Sunday, November 11, 2007

A Visual Feast: Farewell to the Growing Season












We knew it couldn’t last. Warm days begat cool nights and finally, inevitably, one morning you walk out to find your thumping-hard pumpkin collapsed on the deck: first frost. So comes the end of late-fall lettuce and tomatoes, tender beans. It’s over. Not that there won't be some brocolli, or a few root vegetables. But the thrill is gone.

I’ve been traveling this past week, and have been nowhere near a kitchen. I’ve eaten quite well, though: fat pancakes, the kind I don’t usually care for, fluffy, tender, and good. A mess o’ pork barbecue with greens, slaw, spicy beans, corn cakes, potato salad; we happened by when the owner was there, and because I was from out of town, I got a free sampler plate of every smoked meat the house made: large pork ribs, pulled pork, short ribs, chicken, kielbasa, and pigs feet. It was dandy. On from Nashville to Louisville, I had, hands down, the best steak I have ever had, with the best classic sides I’ve ever had (including a pristine iceberg wedge with Maytag blue cheese dressing and flavorful little red and yellow tomatoes), at the amazing Jeff Ruby’s. The place bears no physical resemblance to traditional New York houses Peter Luger, Keen's, or the original Smith & Wollensky. It’s glitzy, even shiny. But the steaks, house-aged like Luger’s, are better. They come to table looking charred and black; sitting at the bar, I could see them arriving all around me, wondering if people had ordered them well done, perhaps "burnt." My strip arrived looking the same. Under that blackened crust—an edge, really—was the most perfectly, evenly cooked steak of my long steak-eating experience. It had been placed on a generous amount of absolutely fresh and sweet Worcestershire butter, which had melted across the plate and offered the ideal sauce to every rich and flavorful bite. The meat was so well seasoned it didn’t need a speck of salt. Truly, you could live anywhere as long as they had steak like this, and a good bakery.

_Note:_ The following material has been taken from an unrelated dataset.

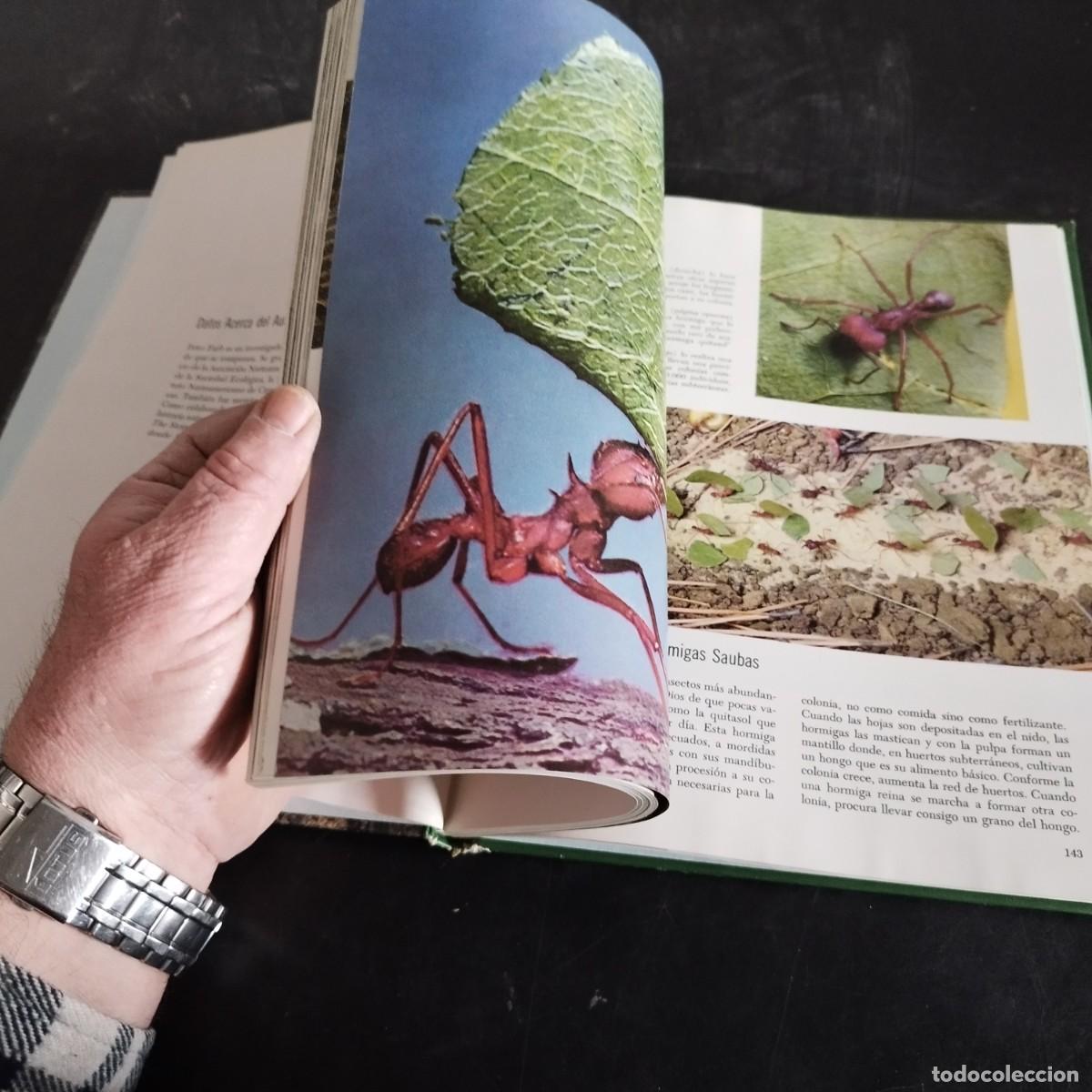 Libros de segunda mano: EL BOSQUE / PETER FARB / CONSO 17-20 E / LIFE - Foto 8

And it makes the passing of summer sweet sorrow; we know there are other, soul-warming pleasures ahead. Nevertheless, in tribute to the gifts of summer, here is a final salute, a visual if not veritable feast, of the Rhode Island growing season. Each photo was taken the day of harvest, and each item was eaten at peak flavor, a taste memory that will tide me over through a winter that, carried on the shoulders of a great steak, need not be one of discontent.



2 comments:

RachelD said...

Jane,

I hope that you get your "late comments" (this one is so far back, it's probably petrified), as I do when someone chimes in on an old post.

Just wanted to say that this is some of the most beautiful foodery pictury I've ever encountered. I've always known that you remind me very much of Lucy (of the Kitchen Notebook), for you both serve up art AND food. And you both cook in such a contemplative, dedicated way---as my friend Keetha says, you "cook like you mean it."

rachel

Jane said...

Yes, Rachel, I got it! And thank you for browsing the back issues (years!) of LCM, and the generous comparison to Lucy and compliment to my photos (OK, food porn) and writing. Yeah, I mean it.